Efeitos
negativos das "reformas" ambientais de Bolsonaro já superam os erros
cometidos por seus últimos quatro antecessores
Alguém aí do outro
lado da telinha esperava que o novo presidente não cumprisse suas promessas de
campanha de “flexibilização” da agenda socioambiental nacional?
Em menos de 15 dias o presidente Bolsonaro
já conseguiu fazer “reformas” que nem mesmo FHC, Lula I e II, Dilma e meia, e
meio Temer nos momentos mais ruralistas de seus governos ousaram tentar.
Muito mais efetivo e inteligente do que a prometida fusão do
Ministério do Meio Ambiente (MMA) com o Ministério da Agricultura está sendo,
na lógica dominante, simplesmente esvaziar as pastas ligadas a clima e direitos
socioambientais de responsabilidades estratégicas e estruturantes e, quando
muito, alocá-las abaixo dos ministérios da Agricultura e da Economia.
A lista de órgãos
mutilados não é pequena nem irrelevante:
1 – Retirada de competências da Funai,
Fundação Palmares e Incra com definição de poderes para demarcação de terra indígena
e quilombola para o Ministério da Agricultura, cuja “clientela” política é
histórica e tradicionalmente avessa aos direitos constitucionais territoriais
de populações indígenas e tradicionais.
2 – Extinção, no Ministério do Meio
Ambiente, do departamento historicamente responsável pela condução das
políticas de prevenção e controle dos desmatamentos na Amazônia e demais
biomas, como se esse não fosse um dos maiores desafios ou problemas para nosso
desenvolvimento. “Coincidência” ou não, o desmatamento já vem dando fortes
sinais de aumento significativo em 2018 e a perspectiva para 2019 é ainda
maior.
3 – Extinção da secretaria responsável no
MMA pela coordenação das políticas de clima no Brasil.

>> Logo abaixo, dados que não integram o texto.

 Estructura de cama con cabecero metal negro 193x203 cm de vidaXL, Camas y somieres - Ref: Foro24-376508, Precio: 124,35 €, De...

Brasil assumiu
“voluntariamente” compromissos nacionais de redução de emissões de CO2 até 2030
e a referida Secretaria coordenava tais ações junto aos demais ministérios e
órgãos internos. Não temos um órgão específico destacado para essa função
internamente.
4 – Extinção da
secretaria do Itamaraty responsável pelas negociações relativas aos
compromissos climáticos internacionais. As posições do novo chanceler
brasileiro vão no sentido extremo oposto da posição adotada pelo Brasil desde
1992 quando recebemos a Eco 92 no Rio de Janeiro e hospedamos as negociações
para a Convenção de Clima. Neste caso a competência migrou para a Secretaria de
Assuntos Econômicos Internacionais.
Além disso, há o compromisso anunciado
(ainda não realizado) de mudança no sistema nacional de licenciamento ambiental
(no âmbito do Sisnama – Sistema Nacional de Meio Ambiente) com a pulverização
das atribuições dos órgãos ambientais (Ibama e ICMBio) para órgãos com
interesse direto e competência específica nos temas de mineração, agropecuária,
indústria, dentre outros.
A criação de uma subsecretaria de apoio ao
licenciamento ambiental no âmbito da Secretaria Especial do Programa de
Parcerias de Investimento da Secretaria de Governo já dá claramente o tom de
quem deve de fato comandar politicamente o licenciamento ambiental no governo
federal. A extinção ou substituição das instâncias acima referidas por
estruturas de terceiro ou quarto escalão vinculadas ao superministério da
Economia comprova o novo “enfoque” e a total subordinação da agenda
socioambiental à agenda econômica.
Os anos 90 e os primeiros dez anos deste
século foram auspiciosos em avanços regulatórios e programáticos que colocaram
o Brasil na vanguarda das políticas climáticas e de conservação da
biodiversidade, período em que o Brasil avançou e consolidou seu posto de
potência agropecuária mundial, sobretudo na década em que o Brasil mais reduziu
os desmatamentos (entre 2004 e 2012)[1].
O fortalecimento das políticas socioambientais e climáticas não representou,
portanto, um bloqueio do nosso crescimento econômico; ao contrário, o
legitimou.
Algumas das conquistas regulatórias
socioambientais dos últimos 30 anos merecem destaque, como a Lei do Sistema
Nacional de Gestão dos Recursos Hídricos (1997), a Lei de Crimes e Infrações
contra o Meio Ambiente (de 1998), a Lei do Sistema Nacional de Unidades de
Conservação (2000), a Lei da Mata Atlântica (2006), a Lei de Gestão de
Florestas Públicas (2006), a Lei de Mudanças Climáticas (2009), a Lei de Gestão
dos Resíduos Sólidos (2010), a Lei Florestal (2012).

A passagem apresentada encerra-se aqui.